Action item: Retype, exactly as they appear below, the lines between the line holding "Train à empiler" and the line holding "Set 4 Bicchierini", both ends included.

---------- Provided data

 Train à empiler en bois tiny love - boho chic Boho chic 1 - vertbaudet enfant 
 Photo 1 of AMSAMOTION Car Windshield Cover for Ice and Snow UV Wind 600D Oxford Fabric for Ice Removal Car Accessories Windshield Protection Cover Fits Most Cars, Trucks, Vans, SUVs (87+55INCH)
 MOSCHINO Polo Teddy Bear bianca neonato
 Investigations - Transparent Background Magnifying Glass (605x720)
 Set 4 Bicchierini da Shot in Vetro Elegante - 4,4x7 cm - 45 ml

--------------------
---------- Provided data

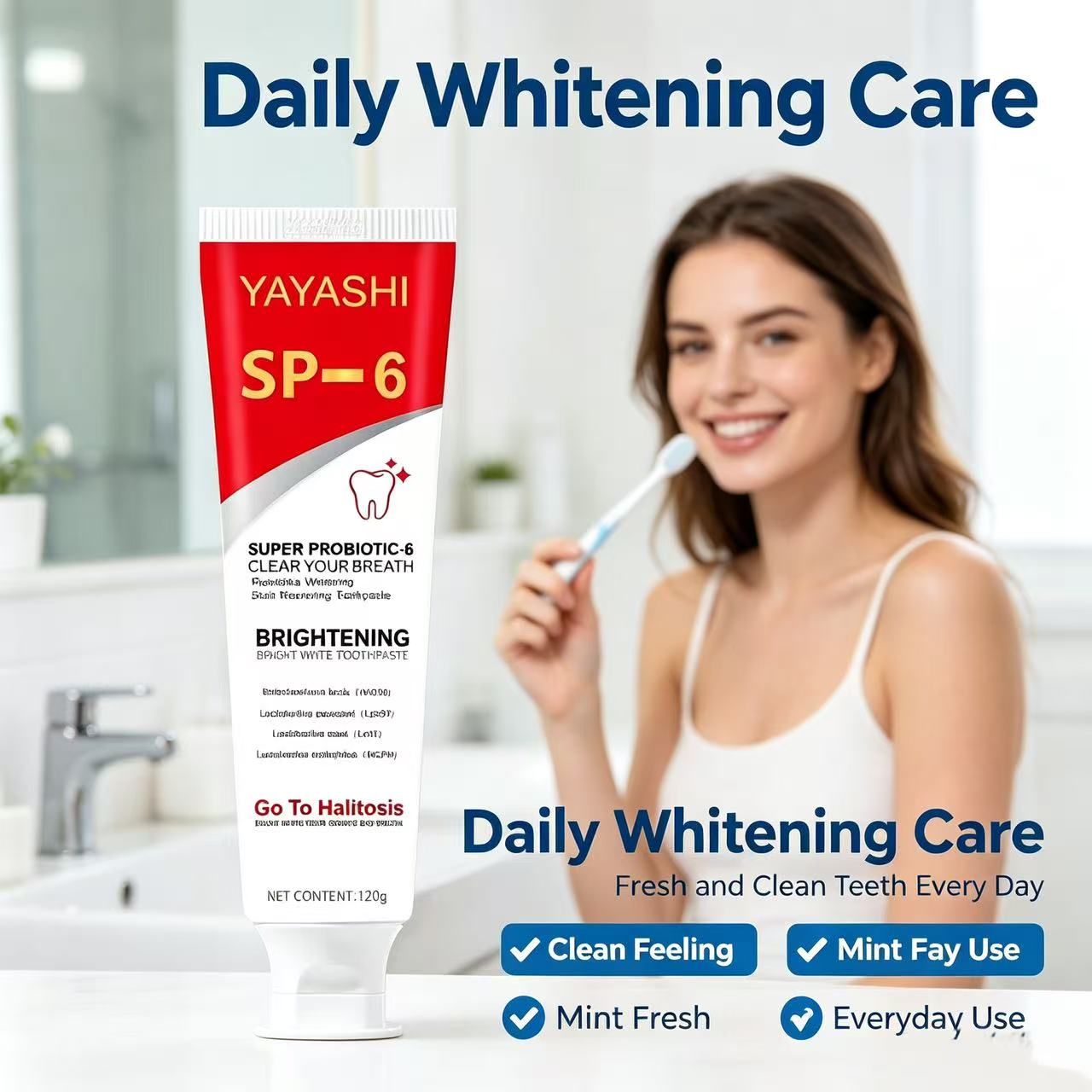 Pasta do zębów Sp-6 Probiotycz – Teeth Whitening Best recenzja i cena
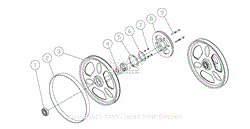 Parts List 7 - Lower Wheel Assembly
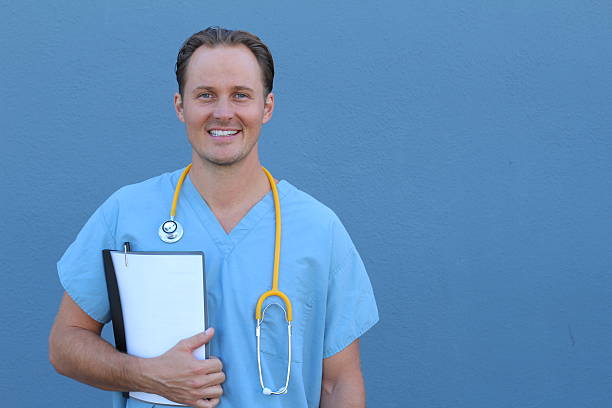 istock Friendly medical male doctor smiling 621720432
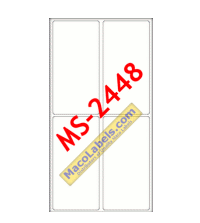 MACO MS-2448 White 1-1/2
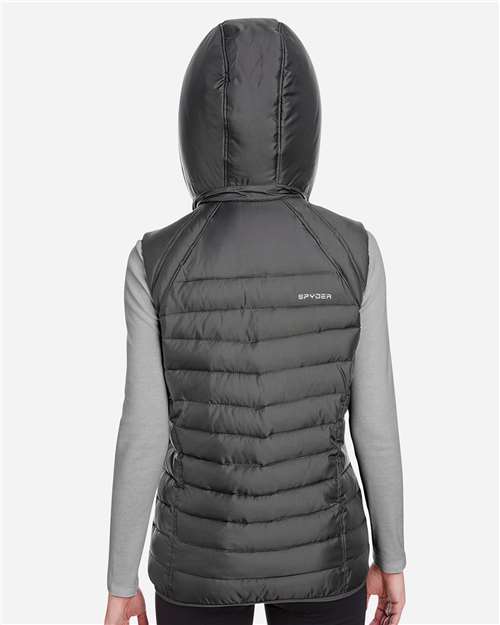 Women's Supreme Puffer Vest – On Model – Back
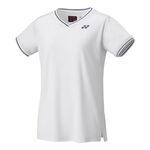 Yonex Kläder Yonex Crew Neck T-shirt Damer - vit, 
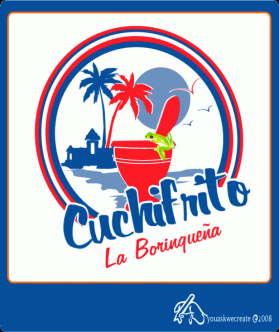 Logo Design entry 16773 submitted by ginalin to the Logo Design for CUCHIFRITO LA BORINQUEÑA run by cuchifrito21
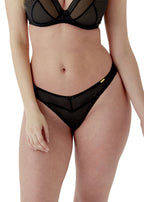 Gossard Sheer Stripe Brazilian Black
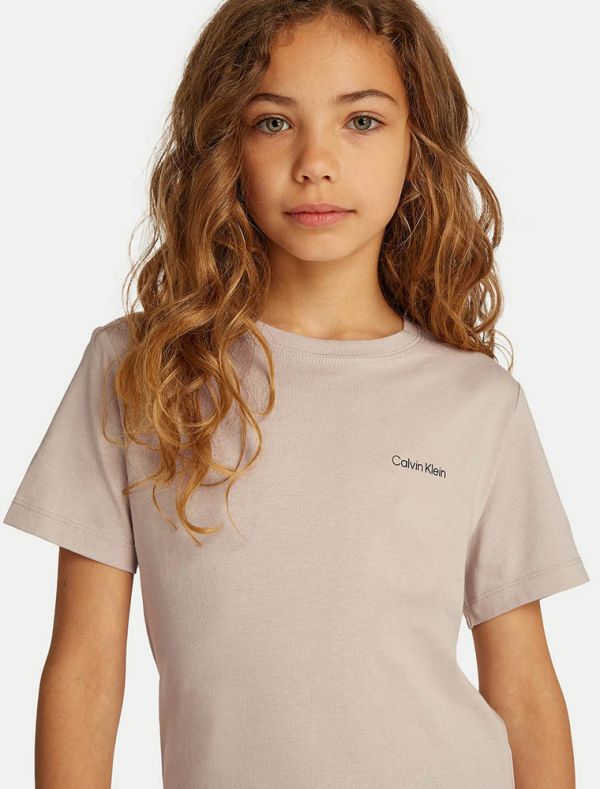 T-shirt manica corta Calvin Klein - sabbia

--------------------

Result for this exercise:
 Train à empiler en bois tiny love - boho chic Boho chic 1 - vertbaudet enfant 
 Photo 1 of AMSAMOTION Car Windshield Cover for Ice and Snow UV Wind 600D Oxford Fabric for Ice Removal Car Accessories Windshield Protection Cover Fits Most Cars, Trucks, Vans, SUVs (87+55INCH)
 MOSCHINO Polo Teddy Bear bianca neonato
 Investigations - Transparent Background Magnifying Glass (605x720)
 Set 4 Bicchierini da Shot in Vetro Elegante - 4,4x7 cm - 45 ml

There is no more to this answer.